1

I have two samples, and in performing a Kolmogorov–Smirnov test the sample distributions are shown to be significantly different from each other.

In knowing that the two sample distributions are different, can I perform a t-test and expect valid results?

If not, is there another test that would provide better results to test central tendency between those two samples given the results of the aforementioned K-S test?

edit

The samples being tested are in essence A/B testing, and the motivation is to find their expected value per test arm category.

Unfortunately, the sample size is unavoidably small; 40 to 60 observations and are not normal.
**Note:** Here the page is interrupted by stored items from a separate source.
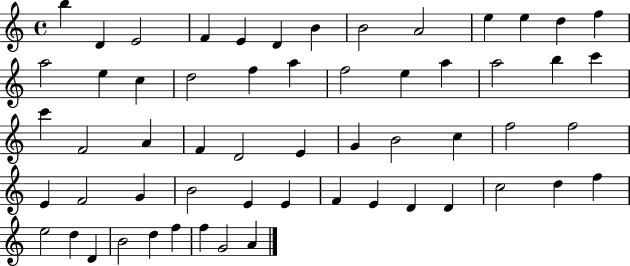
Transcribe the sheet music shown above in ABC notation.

X:1
T:Untitled
M:4/4
L:1/4
K:C
b D E2 F E D B B2 A2 e e d f a2 e c d2 f a f2 e a a2 b c' c' F2 A F D2 E G B2 c f2 f2 E F2 G B2 E E F E D D c2 d f e2 d D B2 d f f G2 A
When running both a t-test and k-s test the sample test are significant, but given the nature of the data, can anything be inferred as to each test arms respective central tendencies?

JLuu
  • 11
  • 2
  • 2
    “Valid” meaning what? – Dave Jul 22 '21 at 02:35
  • reliable and robust. – JLuu Jul 22 '21 at 02:47
  • _Possibly invalid:_ Ideally 2-sample t tests are for two normal samples. It seems that at least one of your two samples isn't normal. // _Possibly pointless:_ You say you already know by K-S that the two populations differ. What do you hope to learn from the t test? – BruceET Jul 22 '21 at 05:34
  • Yeah, I did some more searching and asking, and realized that, and I tested for normality, and most of my samples lack normality. Both the K-S tests and T-test are significant, but like you said was worried that the T-tests are pointless. I want to know if the sample means are significantly different from each other. – JLuu Jul 22 '21 at 05:58
  • 1
    The t-test is pretty robust to deviations from normality, particularly when sample sizes are large. Are your samples obviously non-normal upon visual inspection? – Dave Jul 22 '21 at 09:45
  • yes, and running `scipy.stats.normaltest` strong indicates that some of them are not. – JLuu Jul 22 '21 at 15:17
  • 1
    Some people advocate for a Wilcoxon Mann-Whitney U test in this situation; you are not quite testing for mean equality (unless the populations have the same shape), but it is something like that. My preference is to be thoughtful about what you really want to learn from the data. In a non-normal distribution, the mean might not be particularly descriptive. In such a situation, I am not so sure that I would care if I can show the means to be unequal, even if I can do so. // [Formal testing of normality is less helpful than one might hope.](https://stats.stackexchange.com/q/2492/247274) – Dave Jul 22 '21 at 15:23
  • Please include new information as an edit to the post, not only in comments. Not everybody reads comments! Also include information on sample size, context, and why you do want to test means when you aleady knows the distributions are different? – kjetil b halvorsen Jul 22 '21 at 17:26
  • I added more information in the comments because I was responding to a comment. which is a common norm. I edited the post. Can you please re-open the question? – JLuu Jul 22 '21 at 17:46

0 Answers0